Baubles and Bargains
The sooner you and Toto realize that you’re not in Kay Jewelers anymore, the better.
L.A.’s Jewelry District is the second largest in the nation, behind (of course) New York City’s. A diamond in the rough, it’s mounted between the four prongs of Broadway, Olive and 5th and 8th streets. For the first-time shopper, acclimating to the area--the gum-pocked sidewalks, the blaring CD stores, the stewpot of street chatter--is as key to the experience as finding the right jeweler among nearly 2,000 vendors.
It can be worth it. The trade-off for suburban shopping-mall serenity is the chance to find wholesale bargains 50% to 70% less than retail. Just be forewarned that the Jewelry District isn’t exactly L.A.’s best-kept secret.
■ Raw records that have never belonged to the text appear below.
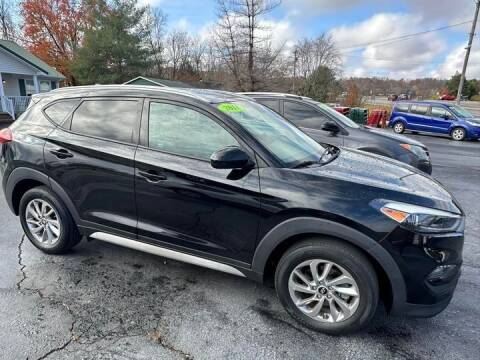 2018 Hyundai Tucson for sale at CRS Auto & Trailer Sales Inc in Clay City KY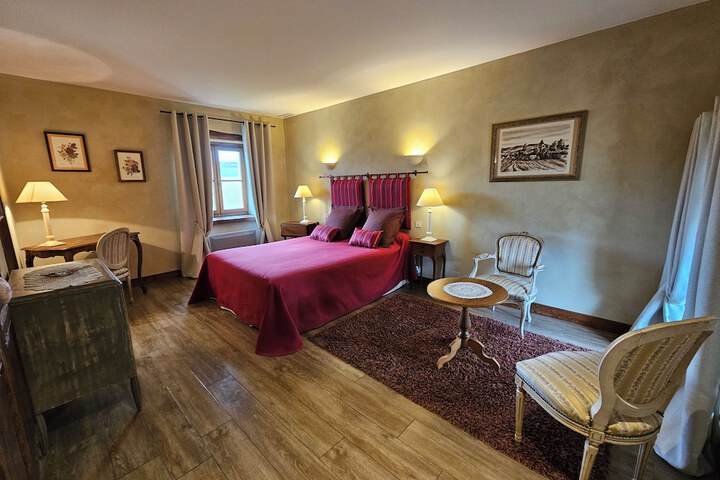 Room 10 of 60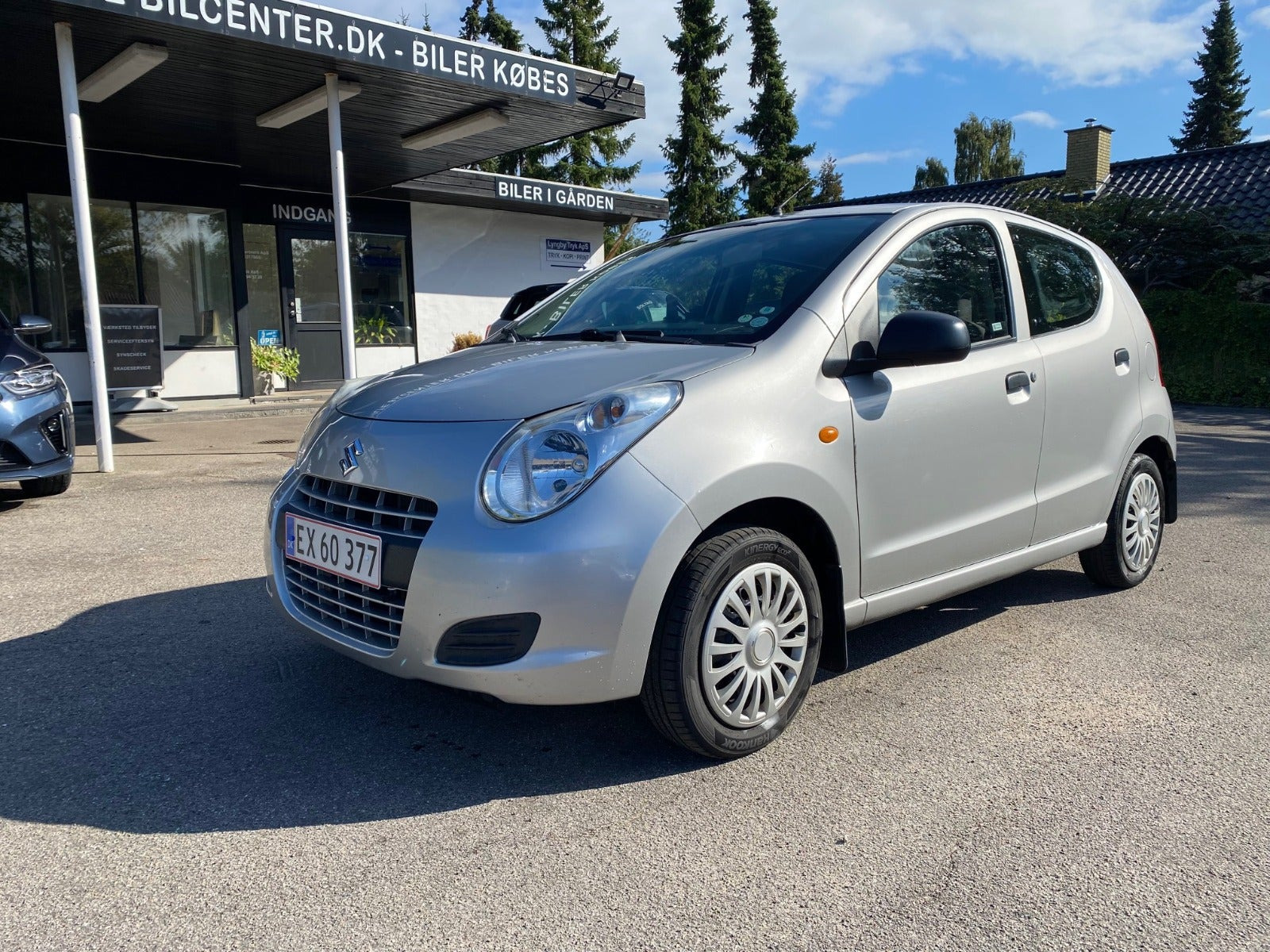 Sølv Suzuki Alto fra 2010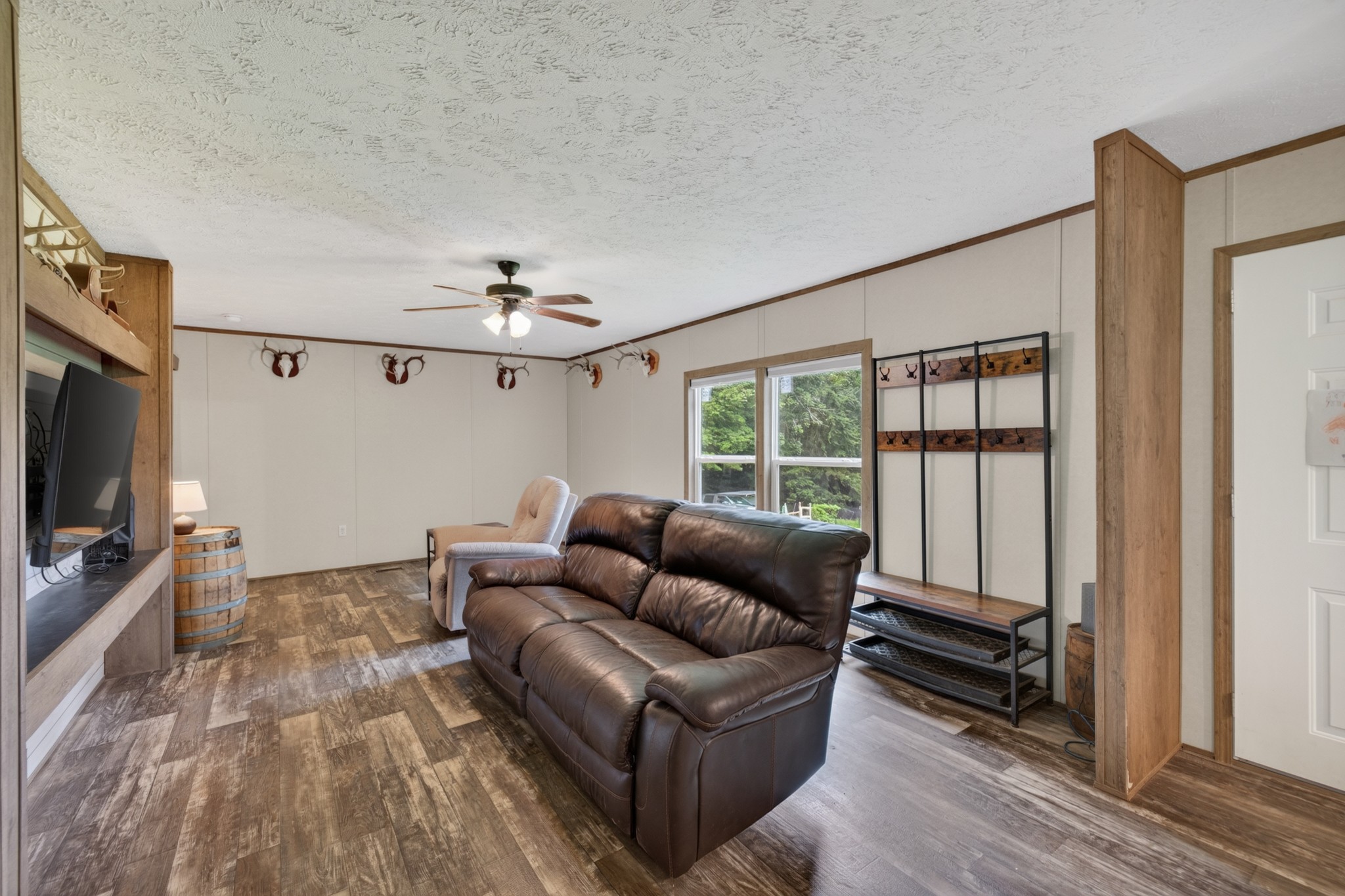 155 Earls Rd Property Photo 23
Peklar Pilavjian, owner of the 500-tenant St. Vincent Jewelry Center, says the district does as much as $3 billion annually in wholesale and retail sales.
Because it’s easy to be overwhelmed by the enormity of the operation, it helps to know exactly what you want, and to understand the different qualities of the various gemstones. One place to start your education is the American Gem Society at www.americangemsociety.org, which offers a free consumer protection kit and shopping tips. These will get you going, but there’s hard work (if you consider buying baubles work) ahead. Warns Diane Flora, the society’s director of education: “It takes a lot of years of experience to really have confidence.”
Start with comparison shopping. If you’re looking for an emerald, walk every raucous square inch of the district and stop at all the emerald-bearing booths you see. Act as if you know what you’re doing, even if you don’t have a clue. Negotiate. Yes, you’re allowed to haggle.
Star Gem Jewelry Inc. in the St. Vincent Jewelry Center sells a variety of emerald pendants as deep and green as the sea, each evaluated according to the same four C’s as diamonds: cut, color, clarity and carat. A square 1-carat beauty framed by 20 graded half-carat diamonds costs about $1,000. A similar setup, minus a few diamonds, costs half as much at a booth down the block because the stone (a slightly sallow dry-lawn green with a tiny black speck at its center) is of lesser quality.
Beauty is in the eye of the beholder, of course, but a little reassurance never hurts. Pilavjian recommends asking for a certificate or receipt that guarantees quality, which most vendors will happily supply. As one jeweler in the L.A. Jewelry Mart at 7th and Olive assured this shopper: “I’ll give you my blood type, my driver’s license and my children’s birth certificates.”
Remember, though, that a certificate is only as good as the signature at the bottom of it. Kevin Stevenson, owner of Bellflower’s Johnson Jewelers, says the jewelry industry is built on trust, so it’s important to know the reputations of the people from whom you’re buying. “That’s gonna hold true for a booth or an independent retail store in Mission Viejo.”